卒塔婆(そとば)とは、縦長の平たい木の板で作られていて、お墓の裏側などに建てるものです。

卒塔婆を立てるのは基本的に仏教式のお墓のみです。

日本のお墓では多くの卒塔婆が見られますが、ここではこの卒塔婆について書いてみたいと思います。

卒塔婆(そとば)の由来はインドの仏塔(ぶっとう)です。

仏教が生まれたインドにおいて、お釈迦様の骨(仏舎利:ぶっしゃり)を納めるために建てられた仏塔のことをサンスクリット語で「ストゥーパ」と言います。

お釈迦さまが入滅すると、遺骨は8つに分けられて8つの国に遺骨を安置するための塔が建てられたと言われています。

塔と言っても、おわんを逆さまにしたようなこんもりとした塚であり、私たちがイメージするような高い建造物とは少々異なります。

そしてお釈迦様だけではなく、高僧が亡くなってもストゥーパを建てるようになりました。

それが中国に渡った際に「卒塔婆」という漢字をあてられて、そのまま日本に渡ってきました。

つまり卒塔婆は、仏塔を意味するストゥーパの音写であり、音(言葉の発音)を同じような発音をする漢字で表しただけですから、漢字一つ一つに意味があるわけではありません。

もし、現代の日本に直接渡ってきたら漢字ではなくて「ストゥーパ」とカタカナで呼ばれることになっていたかもしれませんね。

さて、日本において「卒塔婆(そとば)(そとうば)」は、省略して「塔婆(とうば)」と呼ばれたり、これを丁寧に「お塔婆」と呼んだりと、色々な呼び方がされていますが、呼び方が異なるだけであり、すべて同じものです。

ちなみに、日本各地にある五重塔や五輪塔などもストゥーパの一つです。


卒塔婆を建てる意味


卒塔婆を建てる意味ですが、故人の追善供養(ついぜんくよう)のために建てます。

仏教では、善い行いをした者は浄土という心安らかな世界にいけると考えられていますが、「故人は亡くなってしまっているのでこれ以上の善行は出来ません。

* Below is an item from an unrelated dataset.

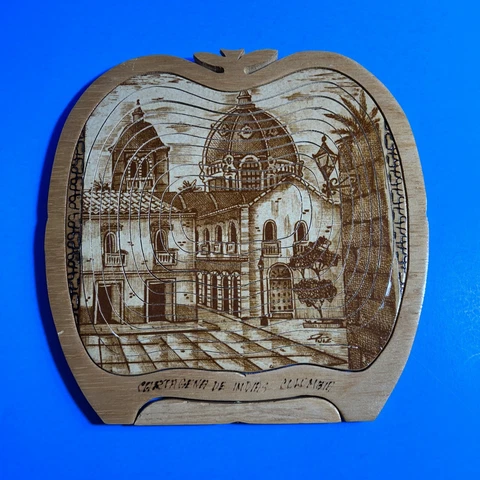 Vintage Wood Carved Collapsible Apple Basket  Columbia Cover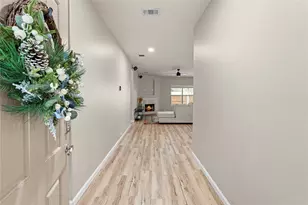 292 Spruce Dr, Kyle, TX 78640 - Photo 5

その代わりに残された私たちが善行をいたしますので、これを故人のためのものとしてください」というのが追善供養です。

つまり、生きている我々が、追って善(よ)い行(おこな)いをして故人を供養するわけです。

生きている我々が善い行いをして善を積むことが故人の善行にもなるという追善供養の考え方に基づき、卒塔婆を立てることは善い行いであるから故人の供養になると考えられているのです。

しかし、そうは言っても、五重塔(ごじゅうのとう)のような大きな建造物を建てるのは大変です。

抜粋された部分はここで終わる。